I am more and more convinced that I simply have not had enough quiet time as of late. On the 4 hour drive to Death Valley I began to get antsy after about 2 and a half hours on the road. My cell phone reception was soon to see its end and I got off the phone with my best friend so I could try and entertain myself for the next part of the trip. I played music and sang along. I sat in silence. I opened the sunroof. I closed the sunroof. I sat in silence. I sang songs acapella to myself. Lots of songs. Praise songs. Oldies. Whatever came into my head. (It was sort of reminiscent of Spain where around just about every corner I was struck by some other song and would break into it). I thought about work. I thought about relationships. I thought about nothing. I waved to all the passing cars. And the trip kept dragging on and on and on.

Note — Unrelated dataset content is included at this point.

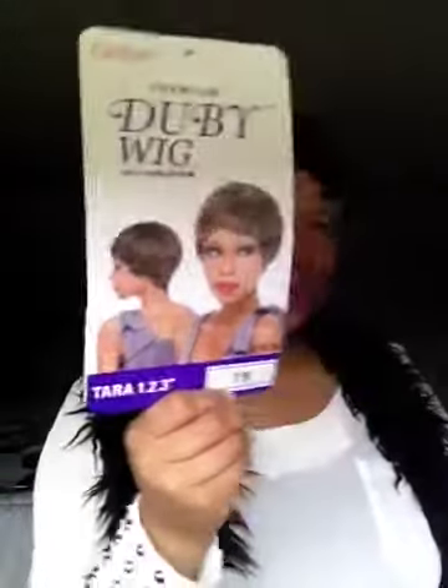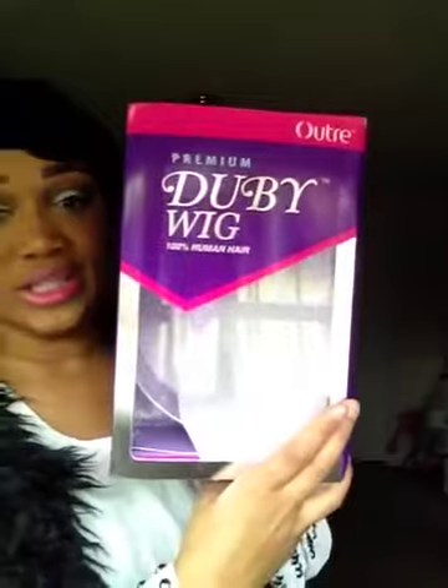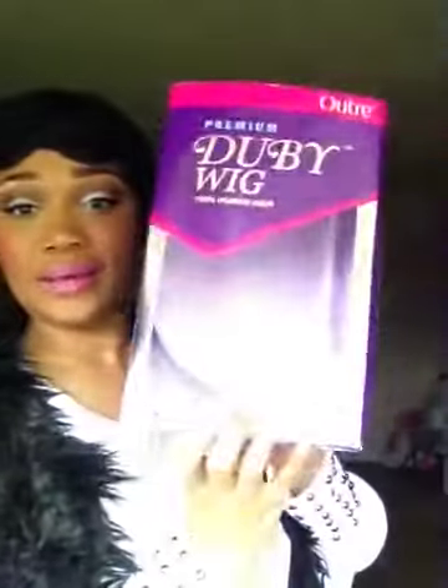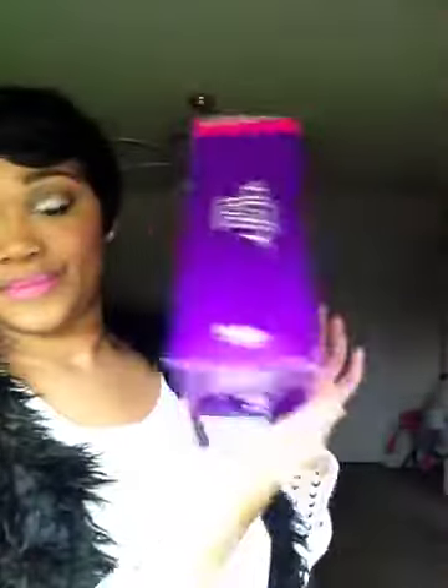I absolutely love this wig. This is how she looks, and she came with a hairnet as well as some tissue paper, and this is the box she came in. This is Doobie Hair — this is 100% human hair, so you can curl her, you can straighten her, whatever. And this is some more tissue paper or cloth, and this is the box she came in.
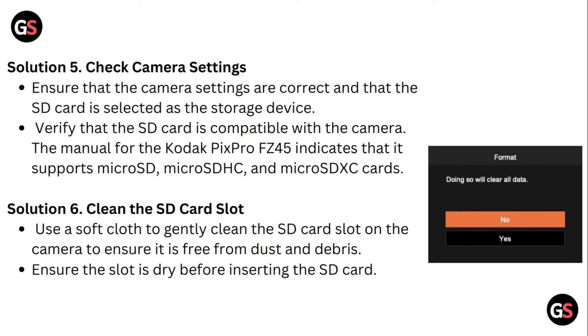Solution 5: Check camera settings. Ensure that the camera settings are correct and the SD card is selected as the storage device. Verify that the SD card is compatible with the camera. The manual for the Kodak PixPro FC45 indicates that it supports microSD, microSD-HC, and microSD-XC cards. Solution 6: Clean the SD card slot. Use a soft cloth to gently clean the SD card slot on the camera to ensure it is free from dust and debris. Ensure the slot is dry before inserting the SD card.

Here in the lowest part of the contiguous United States there is NO cell reception and NO wireless internet. I think if I had been forwarned about this fact, I’d be fine. But now I am anxious because there are people I was hoping to talk to during these days and am ill at ease thinking they’ll have no idea why I’m not returning my phone calls. I had also told my dog sitters they could email me with any question, only I was wrong about that too. There’s no email here. And really, I probably just need to let it all go and call it a day, but something keeps ticking in my head.
All of this, I think , is proof that there is not enough quiet time in my life. If I had more solitude (in the quiet reflective sense, not the alone sense) I probably wouldn’t be bothered by all this quiet. But as it stands, when the day is done and everyone in my family is coupled up and off to their own cabins, I’m here thinking to myself. Stirring in my own head. It’s aggravating really.